**TASK**
Exactly the lines below starting at the line with "Some goals for" and ending at the line with "Hi everybody. In" are wanted, with both ends included. Leave out the pictures and add no other lines.

**MATERIAL FOR THIS TASK**
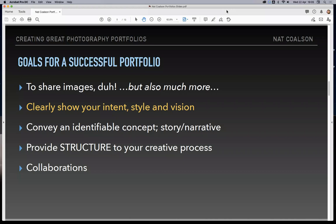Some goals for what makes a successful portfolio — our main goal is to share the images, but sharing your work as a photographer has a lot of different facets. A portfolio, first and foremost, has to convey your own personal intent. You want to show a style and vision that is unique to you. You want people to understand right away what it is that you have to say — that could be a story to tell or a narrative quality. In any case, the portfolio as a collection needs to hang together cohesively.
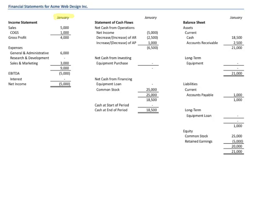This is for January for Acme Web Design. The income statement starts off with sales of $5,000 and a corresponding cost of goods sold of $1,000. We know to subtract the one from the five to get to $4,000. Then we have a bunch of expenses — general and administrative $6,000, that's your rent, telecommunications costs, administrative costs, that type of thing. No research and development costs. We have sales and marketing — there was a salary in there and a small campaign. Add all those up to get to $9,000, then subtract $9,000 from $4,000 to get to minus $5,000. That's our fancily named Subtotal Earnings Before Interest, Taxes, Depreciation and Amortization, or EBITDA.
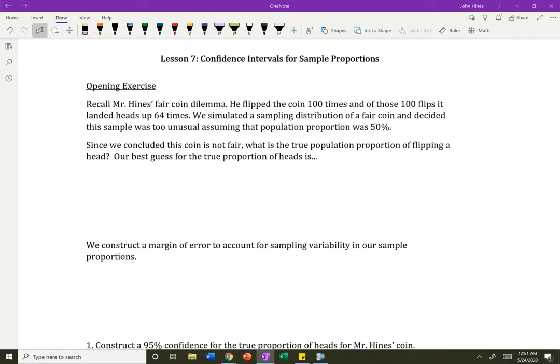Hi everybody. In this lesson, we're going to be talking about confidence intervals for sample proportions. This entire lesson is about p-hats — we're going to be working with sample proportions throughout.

---

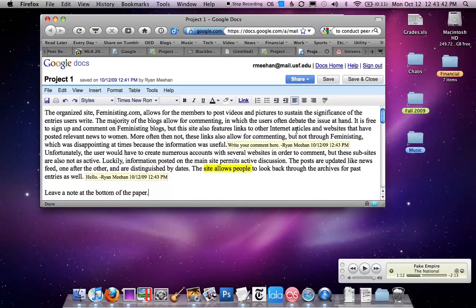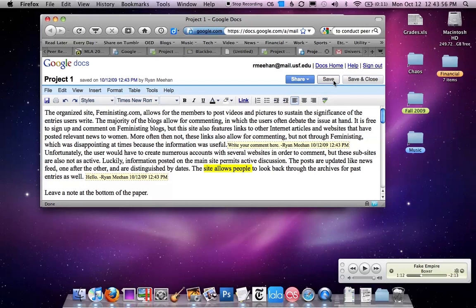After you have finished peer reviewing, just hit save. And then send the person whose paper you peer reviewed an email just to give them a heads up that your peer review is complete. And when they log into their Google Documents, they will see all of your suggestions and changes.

**SOLUTION TO THIS TASK**
Some goals for what makes a successful portfolio — our main goal is to share the images, but sharing your work as a photographer has a lot of different facets. A portfolio, first and foremost, has to convey your own personal intent. You want to show a style and vision that is unique to you. You want people to understand right away what it is that you have to say — that could be a story to tell or a narrative quality. In any case, the portfolio as a collection needs to hang together cohesively.
This is for January for Acme Web Design. The income statement starts off with sales of $5,000 and a corresponding cost of goods sold of $1,000. We know to subtract the one from the five to get to $4,000. Then we have a bunch of expenses — general and administrative $6,000, that's your rent, telecommunications costs, administrative costs, that type of thing. No research and development costs. We have sales and marketing — there was a salary in there and a small campaign. Add all those up to get to $9,000, then subtract $9,000 from $4,000 to get to minus $5,000. That's our fancily named Subtotal Earnings Before Interest, Taxes, Depreciation and Amortization, or EBITDA.
Hi everybody. In this lesson, we're going to be talking about confidence intervals for sample proportions. This entire lesson is about p-hats — we're going to be working with sample proportions throughout.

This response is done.